As I continue my journey in learning about the treaty, some interesting things do come up. These are loopholes indeed!
Article 23 - The United States of America as principal occupying power.
During Allied occupation of Japan, the United States acting as the principal occupying power is fact. Military occupation was divided among the Allied Powers, namely United States, China, Soviet Union and Britain. As the United States was the principal, the others were agents acting on behalf of the principal. The statement of United States as principal occupying power is merely a restatement of fact in the treaty, not an elevation of the status of United States to give it more power. Principal occupying power over what is not stated, but it should be interpreted as "over Japan and former sovereign Japanese territories". As territories renounced by Japan remain under Allied occupation, it gives the United States the legal basis to involve itself in Taiwanese affairs.
Article 25 - Allied Powers are not only the nations conducting military occupation in Japan, but also includes other countries at war with Japan and signed the Treaty of San Francisco. Allied Power signatories can be considered occupying power over Japan
Article 25 of the Treaty reads: "For the purposes of the present Treaty the Allied Powers shall be the States at war with Japan, or any State which previously formed a part of the territory of a State named in Article 23, provided that in each case the State concerned has signed and ratified the Treaty. ...."
Japan was under military occupation of the Allies and not United States, China, Soviet Union and Britain acting on behalf of themselves. Each occupying power act as part of a military alliance. But, for the purpose of the treaty, any country that signed and ratified the Treaty of San Francisco is considered an Allied Power.
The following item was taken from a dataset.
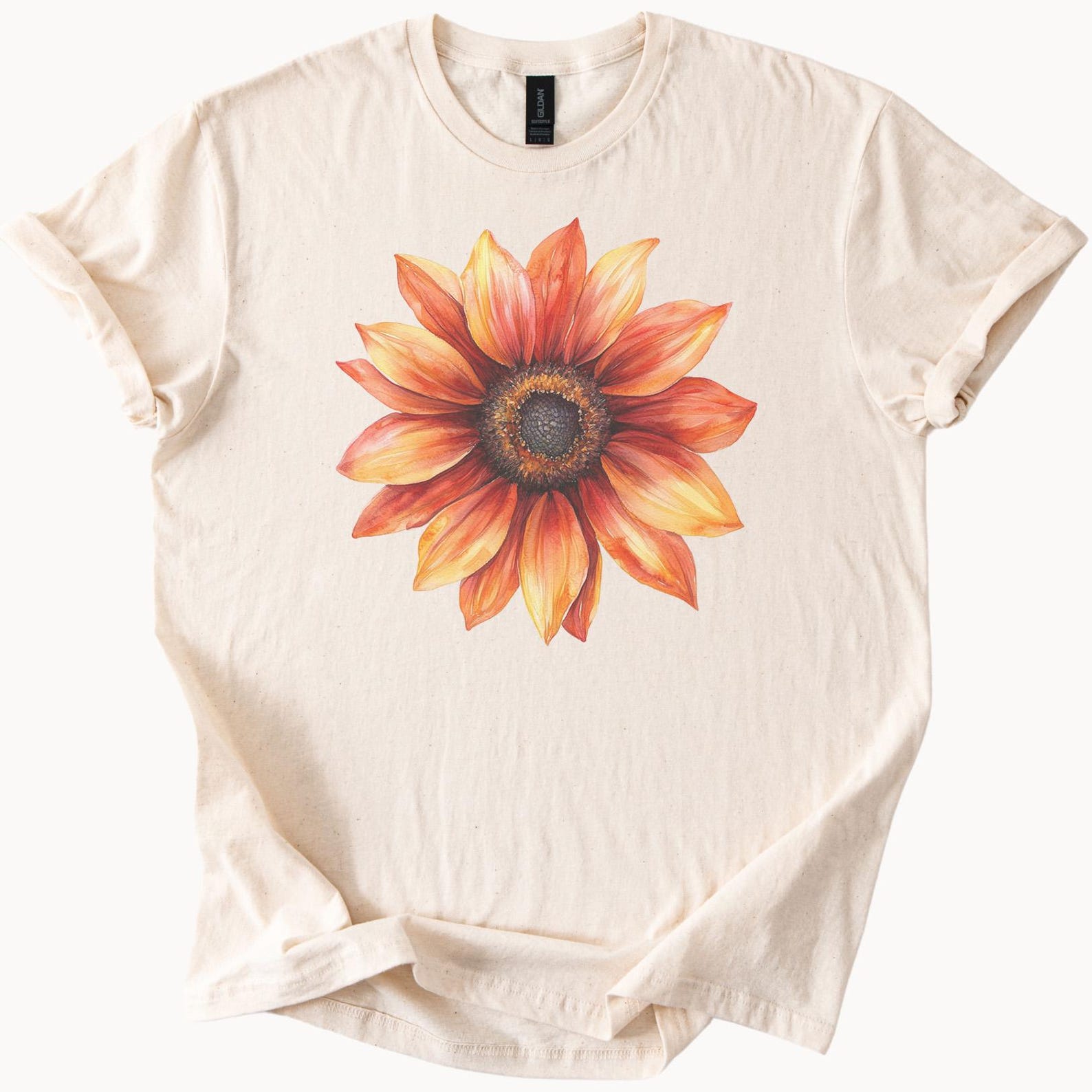 Sunflower Graphic T Shirt Watercolor Floral Tee Shirt Yellow Orange Flower Art Shirt Nature Inspired Sunflower Shirt Gift for Her 160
The treaty binds all signatories by law as Allied Powers. Therefore, all the other signatories can be considered occupying powers over Japanese territories. According to the laws of war, because military occupation continues in territorial cessions and detachments after peace treaty and will continue until legal supplantation, Article 25 grants all Allied Power signatories the privileges of being occupying power over former Japanese territories. This can be interpreted to give benefit for Taiwan, as the resolution of the Taiwan Question shall come under scrutiny of the signatories. It is principle that the resolution of the Taiwan Question shall have the assent of the people of Taiwan.
China did not sign the treaty. As a result, China received no benefit from the treaty, except those outlined in the treaty texts. The same goes for Soviet Union. It is obvious that China does not gain sovereign right over Taiwan from the treaty. What more, since China did not sign as an Allied Power signatory, China does not hold the right over Taiwan as occupying power. The Treaty puts China as having no right over Taiwan by law. The Treaty of Taipei, an extension of the Treaty of San Francisco, recognised Chinese right of jurisdiction over Taiwan but not sovereignty. But the basis for right of jurisdiction is lost when Japan denounced the Treaty of Taipei later.
The US resorted to shutting China out of the Treaty of San Francisco as a Cold War containment strategy. That puts China on the opposing side with the Allies over resolution of the Taiwan Question.